No doubt about which chart looks the most interesting at the start of this week and that’s gold. Leaving aside the reasons for this latest push lower, it has brought to an end the more recent period of consolidation for the dollar-based gold price that had given some hope for the bulls that the worst was over.
More nonsense is written about gold than nearly any other commodity. Because it strays into the realm of portfolio allocation, is non-yielding and is of limited industrial or commercial use, there is very little basis for valuing it. So this gives free rein to various talking heads to say pretty much whatever they want, which usually involves it going up. I remember attending a presentation in 2013 given by a technical analyst.

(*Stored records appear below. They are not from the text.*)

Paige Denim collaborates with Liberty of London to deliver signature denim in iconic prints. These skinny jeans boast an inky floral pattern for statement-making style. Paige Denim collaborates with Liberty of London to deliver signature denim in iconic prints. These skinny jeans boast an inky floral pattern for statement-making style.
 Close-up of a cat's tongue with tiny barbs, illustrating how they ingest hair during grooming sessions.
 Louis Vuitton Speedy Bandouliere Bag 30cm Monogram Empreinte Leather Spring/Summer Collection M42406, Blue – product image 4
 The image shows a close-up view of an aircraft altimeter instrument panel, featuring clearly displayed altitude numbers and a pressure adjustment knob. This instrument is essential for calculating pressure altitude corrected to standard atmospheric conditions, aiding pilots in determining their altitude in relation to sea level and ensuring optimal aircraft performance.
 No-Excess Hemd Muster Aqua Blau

His biggest call was long gold and he went on to say that more than 90% of his UK pension (having worked here for several years) was in gold. It’s like gold is an excuse to take leave of all the basics of investment and portfolio allocation. As well as losing 20% on gold, this guy has also lost out on the c. 30% rally in European equities and 15% (total return index) in European sovereign bonds.
I wrote a lot about gold a couple of years ago, when we were in one of these periods of losing all rationalisation (for example, see “Good times over for gold“). I still think we are in a bear market, largely because a rising US currency and rising real interest rates is a backdrop against which gold will struggle, even after the losses of recent years. These simple facts will continue to dominate any other irrational arguments.